The test script (`scripts/test-flow.sh`) runs an end-to-end OAuth flow against a live (or local) instance using `curl` and `python3`. It requires a running Worker and valid `AUTHKIT_URL` / `ADMIN_KEY` environment variables.

## Environment / Secrets

| Name | How to set | Purpose |
|------|-----------|---------|
| `ADMIN_KEY` | `wrangler secret put ADMIN_KEY` | Protects `/api/servers` registration endpoint |
| `POSTGRES_URL` | `wrangler secret put POSTGRES_URL` | Neon connection string for user auth |
| `SALT` | `wrangler secret put SALT` | Pepper for password hashing — **must not be stored in `wrangler.toml`** in production (it is version-controlled) |

## Code Conventions

- **Plain JavaScript (ES modules)**. No TypeScript. No JSX. No transpilation.
- Use the **Web Crypto API** (`crypto.subtle`, `crypto.getRandomValues`) — never Node.js `crypto`.
- All responses must include `Cache-Control: no-store` and appropriate CORS headers (see `corsHeaders()` and `jsonResponse()` helpers).
- Token prefixes: `mat_` (access), `mrt_` (refresh), `code_` (auth code), `sak_` (server API key), `usr_` (user ID), `cid_` (client ID), `srv_` (server ID).
- All tokens are **SHA-256 hashed** before storage. Plaintext is never persisted.
- SQL runs via `env.DB.prepare(...).bind(...).first()` / `.all()` / `.run()` for D1, and via the tagged template from `neon(env.POSTGRES_URL)` for Postgres.
- Keep the single-file structure. Do not split `worker.js` into multiple modules without a strong reason.

## Key Endpoints

| Method | Path | Handler function |
|--------|------|-----------------|
| GET | `/.well-known/oauth-authorization-server` | `handleAuthServerMetadata` |
| GET | `/.well-known/openid-configuration` | `handleOpenIdCompatibilityMetadata` |
| POST | `/oauth/register` | `handleClientRegistration` |
| GET/POST | `/oauth/authorize` | `handleAuthorize` / `handleAuthorizeSubmit` |
| POST | `/oauth/token` | `handleToken` |
| POST | `/oauth/revoke` | `handleRevoke` |
| GET | `/oauth/userinfo` | `handleUserInfo` |
| GET | `/prm/:server_id` | `handlePRM` |
| POST | `/api/servers` | `handleServerRegistration` |
| GET/POST | `/auth/signup`, `/auth/login` | `handleSignup`, `handleLogin` |
| GET | `/health` | health check |

## What This Project Is (and Isn't)

This is a **reference implementation**, not a maintained library. Keep changes minimal and spec-compliant. When in doubt, check the relevant RFC. PRs that add new features or change the architecture are unlikely to be merged; bug fixes and spec-compliance issues are welcome.

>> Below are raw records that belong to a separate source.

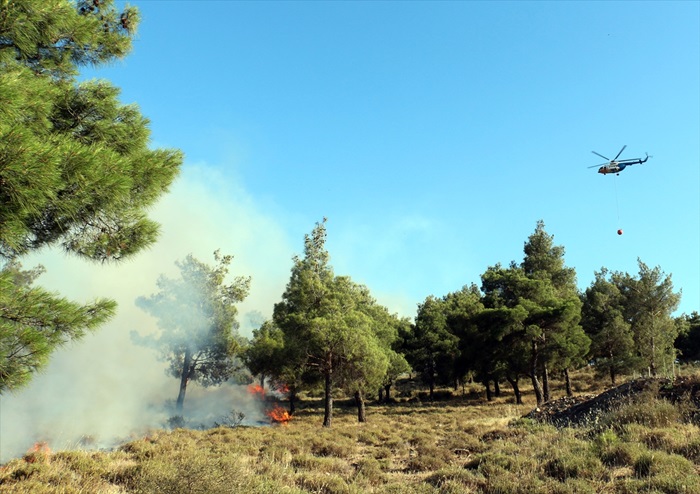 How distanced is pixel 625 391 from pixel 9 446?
110 ft

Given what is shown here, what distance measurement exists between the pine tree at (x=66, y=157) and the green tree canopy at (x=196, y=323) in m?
31.8

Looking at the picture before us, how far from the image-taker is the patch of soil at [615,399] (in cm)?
1284

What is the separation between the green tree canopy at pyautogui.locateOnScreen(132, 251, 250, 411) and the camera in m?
38.2

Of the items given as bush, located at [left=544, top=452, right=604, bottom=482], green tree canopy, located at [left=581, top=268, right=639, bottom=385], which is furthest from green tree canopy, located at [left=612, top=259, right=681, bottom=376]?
bush, located at [left=544, top=452, right=604, bottom=482]

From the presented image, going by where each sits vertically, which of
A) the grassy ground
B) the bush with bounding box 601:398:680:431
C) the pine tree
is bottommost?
the grassy ground

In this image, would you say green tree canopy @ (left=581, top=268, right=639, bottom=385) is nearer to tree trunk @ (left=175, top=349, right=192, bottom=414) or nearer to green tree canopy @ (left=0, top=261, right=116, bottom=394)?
tree trunk @ (left=175, top=349, right=192, bottom=414)

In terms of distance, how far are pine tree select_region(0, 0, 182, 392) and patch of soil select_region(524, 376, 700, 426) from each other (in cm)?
1358

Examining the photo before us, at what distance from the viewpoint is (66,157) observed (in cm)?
548

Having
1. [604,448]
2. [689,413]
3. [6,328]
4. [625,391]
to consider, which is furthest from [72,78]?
[625,391]

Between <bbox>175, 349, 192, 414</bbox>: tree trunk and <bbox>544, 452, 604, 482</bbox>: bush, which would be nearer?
<bbox>544, 452, 604, 482</bbox>: bush

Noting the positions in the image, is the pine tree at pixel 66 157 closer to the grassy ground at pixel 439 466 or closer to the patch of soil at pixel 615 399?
the grassy ground at pixel 439 466

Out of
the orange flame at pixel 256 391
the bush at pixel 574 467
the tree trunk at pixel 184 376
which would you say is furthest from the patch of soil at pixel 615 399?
the orange flame at pixel 256 391

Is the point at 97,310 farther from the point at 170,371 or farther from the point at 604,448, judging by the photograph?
the point at 170,371

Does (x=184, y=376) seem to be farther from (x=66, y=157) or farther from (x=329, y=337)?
(x=66, y=157) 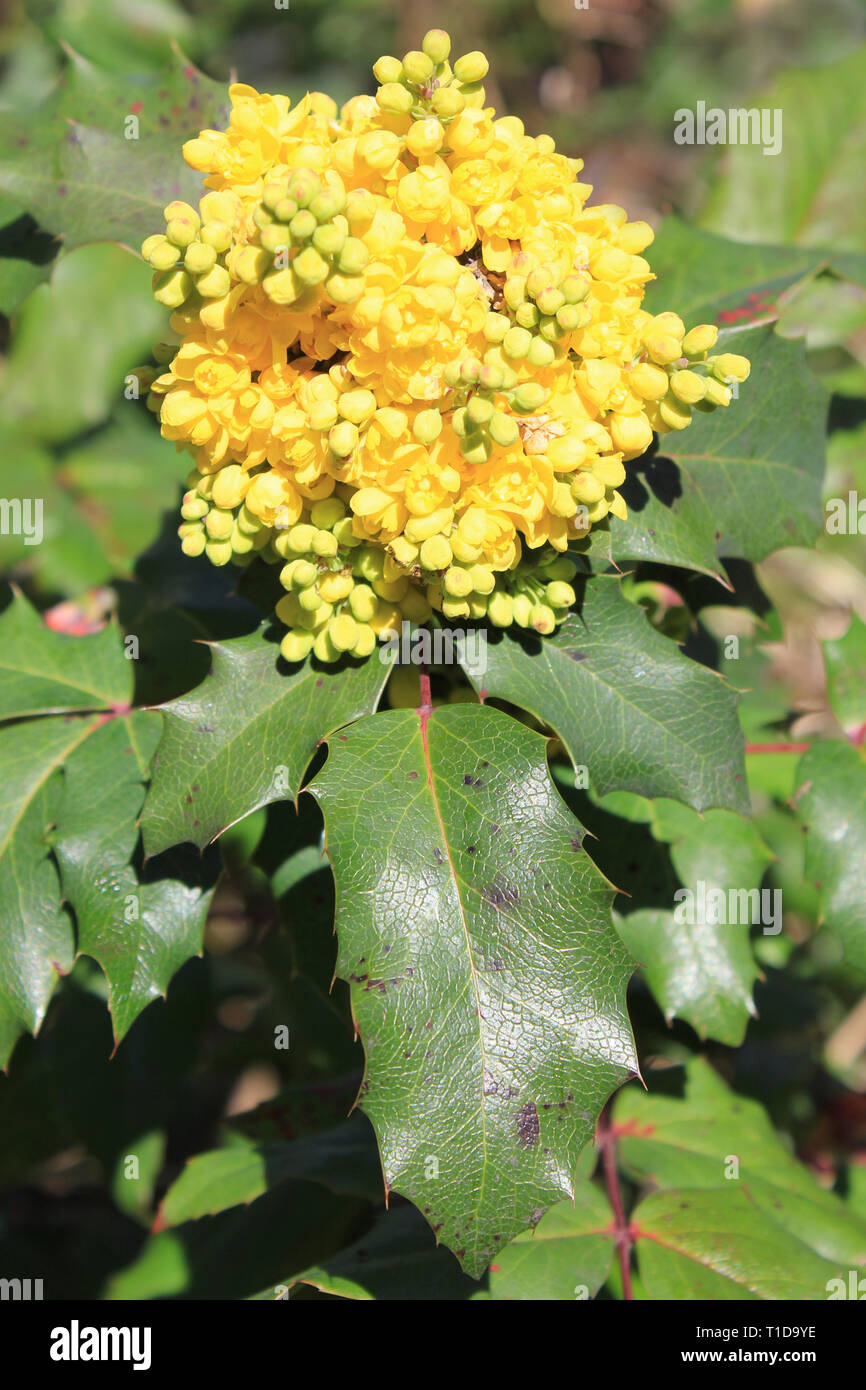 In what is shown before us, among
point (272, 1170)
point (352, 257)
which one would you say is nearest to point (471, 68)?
point (352, 257)

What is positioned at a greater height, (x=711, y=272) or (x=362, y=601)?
(x=711, y=272)

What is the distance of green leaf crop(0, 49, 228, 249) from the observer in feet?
5.29

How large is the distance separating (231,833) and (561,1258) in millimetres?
835

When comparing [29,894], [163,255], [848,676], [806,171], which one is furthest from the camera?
[806,171]

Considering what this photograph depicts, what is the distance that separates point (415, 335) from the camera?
1.11 meters

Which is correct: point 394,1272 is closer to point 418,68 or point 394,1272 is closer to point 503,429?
point 503,429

## Security Considerations

- Never log or return raw tokens after initial issuance.
- Always validate `redirect_uri` against the registered list before redirecting.
- PKCE (`code_challenge` / `code_verifier` with S256) is mandatory — do not add `plain` method support.
- The `SALT` default in `wrangler.toml` must be moved to a Wrangler secret (`wrangler secret put SALT`) before production deployment — the `[vars]` block is version-controlled and should never hold secrets.
- **Password hashing uses SHA-256 (with salt) — this is a known security limitation.** SHA-256 is not a password-hashing function; production deployments should replace it with bcrypt, scrypt, or Argon2. Any PR that touches authentication code must note this limitation explicitly.